Don Oíche Úd i mBeithil (The Night in Bethlehem) is a Christmas carol to an Irish text by the poet and theologian, Aodh Mac Aingil Mac Cathmhaoil (1571-1626). The poem which describes the first Christmas is widely published in Ireland.

An Raibh Tú ag an gCarraig? (Were you at Carrick?) is a love song is by the blind harper from Tyrone, Dominic Mongan (1715-1796), and it is believed that he composed it in honour of a lady of the Blacker family. The song has been published in several songbooks throughout the twentieth century, many of which contain only two verses. Unusually, P.W. Joyce's Irish Music and Song, published by Gill in 1901, provides a longer text of five verses, which outline the romance of love accompanied by rhythm of the year and its festivals.

While the text of Bí a Íosa im' Chroíse (O Jesus, Ev'ry Moment Be in My Heart) is believed by some to be anonymous, the 1951 publication by Cumann Gaelach na hEaglaise, Leabhair Iomann Le Ceol cites P. Seoighe as the author of this poem of personal commitment to Christian faith.

Performance note:
Lever changes are denoted by a stemless, diamond-shaped note head.

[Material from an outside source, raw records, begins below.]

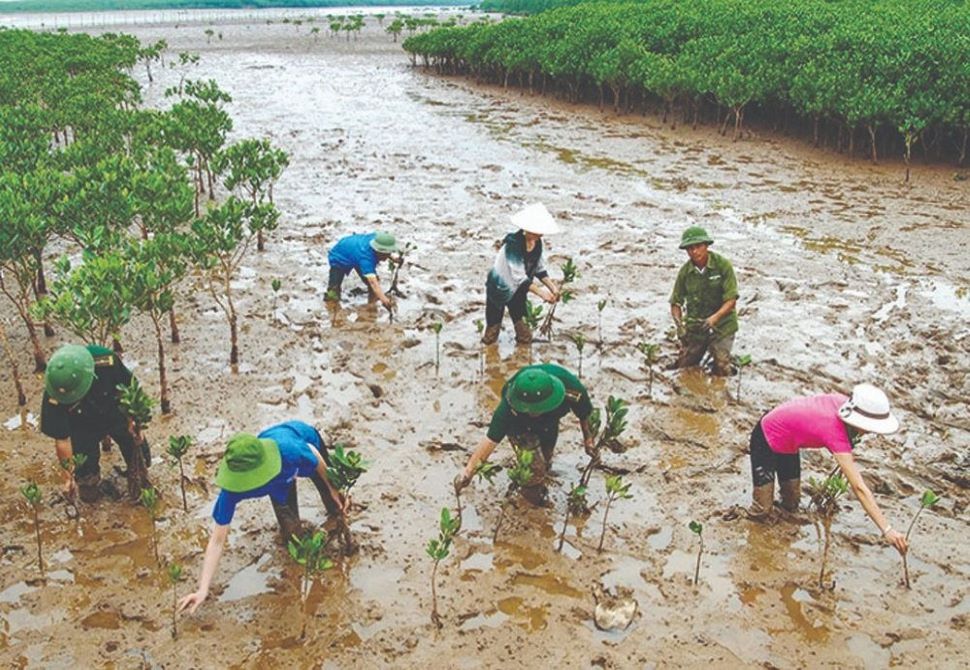 Rừng ngập mặn hấp thụ các-bon nhiều gấp 4 lần rừng trên đất liền!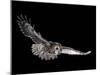 Tawny Owl (Strix Aluco) in Flight. Captive. UK-null-Mounted Photographic Print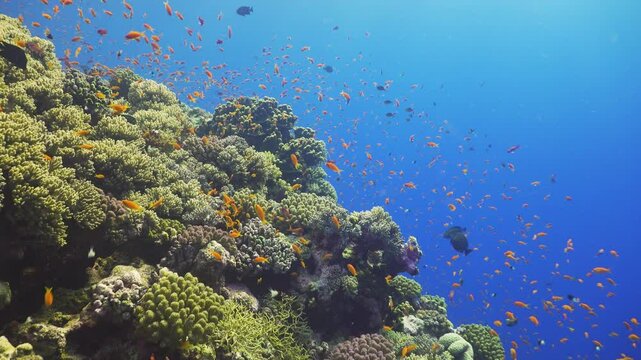 Tropical Fish on Vibrant Coral Reef
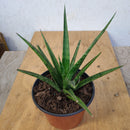 Sansevieria - Silver nymph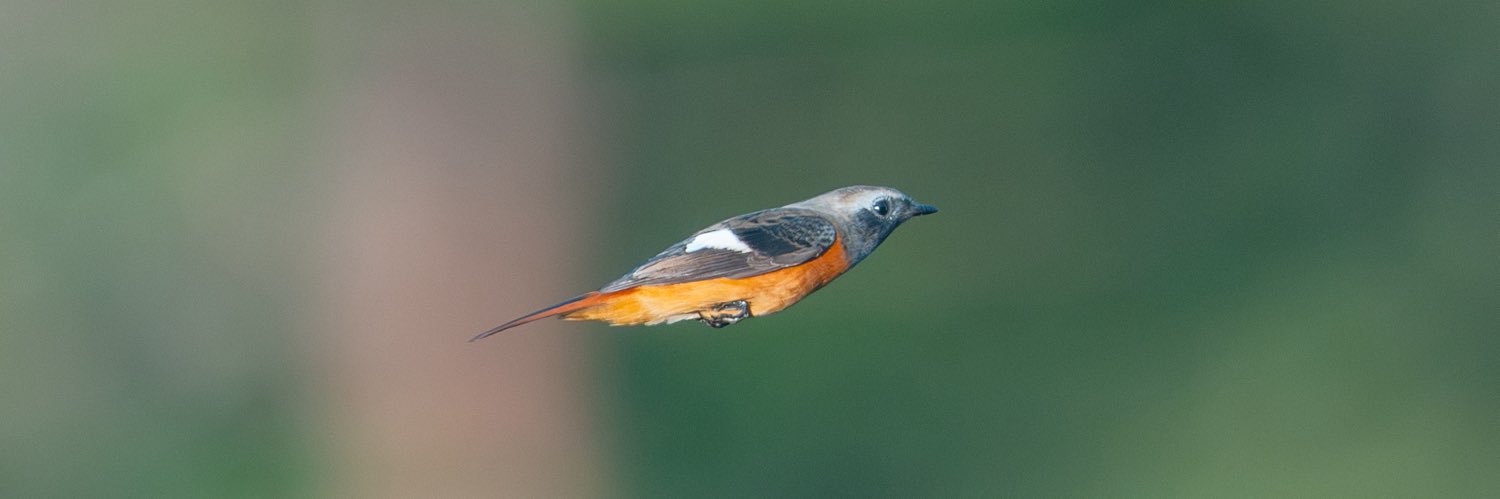🕊️アイザック🐤ジョウビタキ愛極めて強め banner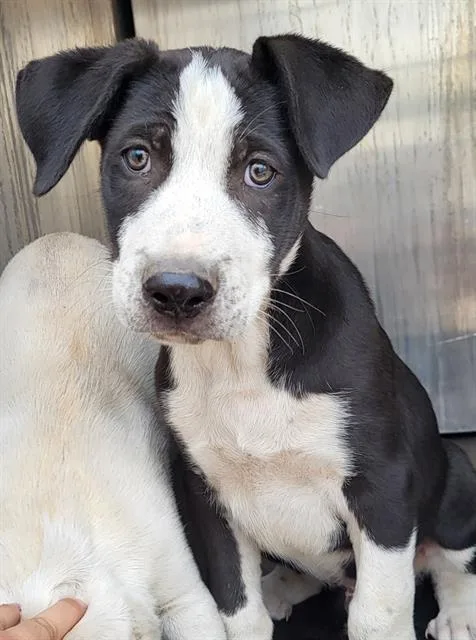 A baby small-sized male Labrador Retriever dog named Oreo for adoption in San Antonio, TX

Although the arranger has a preference for a tuning of A flat major, it is noted that many players prefer a tuning with fewer flats. With this in mind, two of the original versions have been transposed to more accessible keys. An exception is made for An Raibh Tú ag an gCarraig? Since the original key of F minor utilises every string of a 34-string harp, and the transposition to D minor therefore requires minor adjustments to harmonic voicing, it is preferable to provide the arrangement in both keys. In the D minor setting, bracketed notes are to be played where no low A or B strings are not available.